With the above configurations the message field will contain a fully formatted log event just as it would appear in a file Appender. The ThreadContext attributes, custome fields, thread name, etc. will all be available as attributes on each log event that can be used for filtering.

Managing Logging Configuration

Spring Boot provides another least common denominator approach to logging configuration. It will let you set the log level for various Loggers within an application which can be dynamically updated via REST endpoints provided by Spring. While this works in a lot of cases it does not support any of the more advanced filtering features of Log4j. For example, since it cannot add or modify any Filters other than the log level of a logger, changes cannot be made to allow all log events for a specific user or customer to temporarily be logged (see DynamicThresholdFilter or ThreadContextMapFilter) or any other kinds of changes to filters. Also, in a micro-services, clustered environment it is quite likely that these changes will need to be propagated to multiple servers at the same time. Trying to achieve this via REST calls could be difficult.

Since its first release Log4j has supported reconfiguration through a file. Beginning with Log4j 2.12.0 Log4j also supports accessing the configuration via HTTP(S) and monitoring the file for changes by using the HTTP “If-Modified-Since” header. A patch has also been integrated into Spring Cloud Config starting with versions 2.0.3 and 2.1.1 for it to honor the If-Modified-Since header. In addition, the log4j-spring-cloud-config project will listen for update events published by Spring Cloud Bus and then verify that the configuration file has been modified, so polling via HTTP is not required.

Log4j also supports composite configurations. A distributed application spread across microservices could share a common configuration file that could be used to control things like enabling debug logging for a specific user.

While the standard Spring Boot REST endpoints to update logging will still work any changes made by those REST endpoints will be lost if Log4j reconfigures itself do to changes in the logging configuration file.

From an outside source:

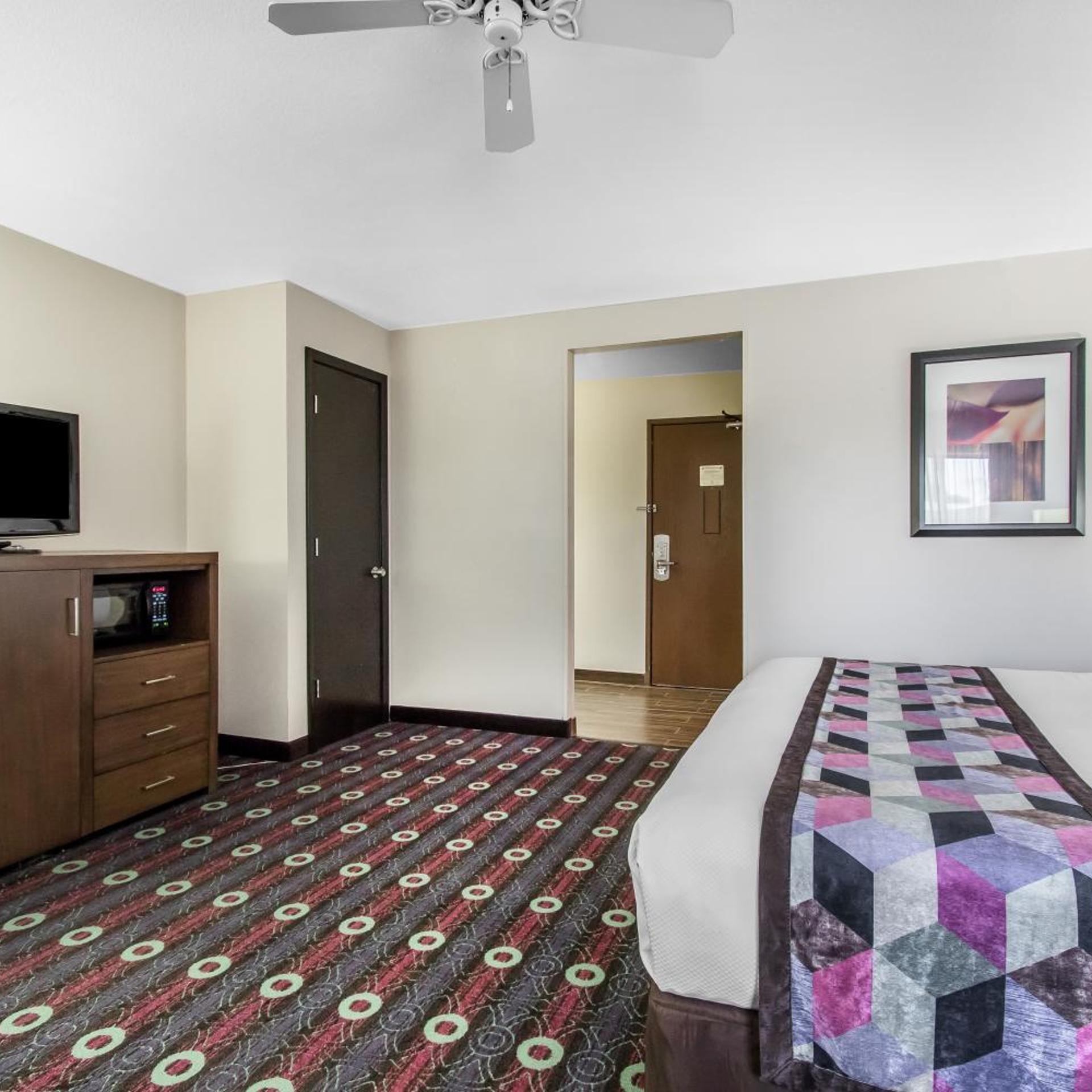 جناح بسرير كينج مع أريكة، Comfort Inn Tulsa Midtown 6/6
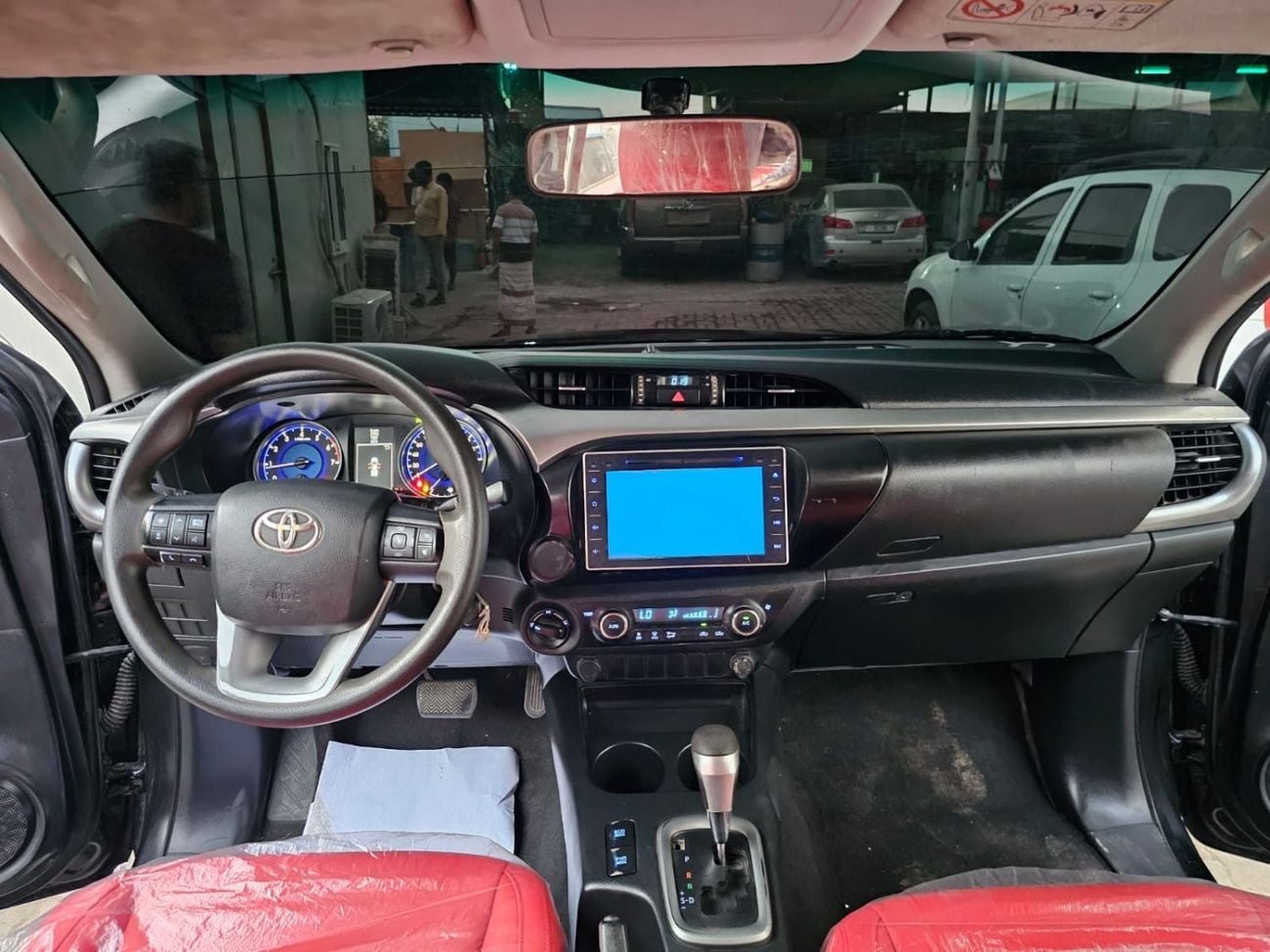 Toyota Hilux 2016model upgrade 2024Model adventure 2.7L petrol Engine Colour Black Transmission Automatic Interio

Further information regarding integration of the log4j-spring-cloud-config-client can be found at Log4j Spring Cloud Config Client.

Integration with Spring Boot

Log4j integrates with Spring Boot in 2 ways:

  • A Spring Lookup can be used to access the Spring application configuration from Log4j configuration files.

  • Log4j will access the Spring configuration when it is trying to resolve log4j system properties.

Both of these require that the log4j-spring-cloud-client jar is included in the application.

Integration with Docker

Applications within a Docker container that log using a Docker logging driver can include special attributes in the formatted log event as described at Customize Log Driver Output. Log4j provides similar functionality via the Docker Lookup. More information on Log4j’s Docker support may also be found at Log4j-Docker.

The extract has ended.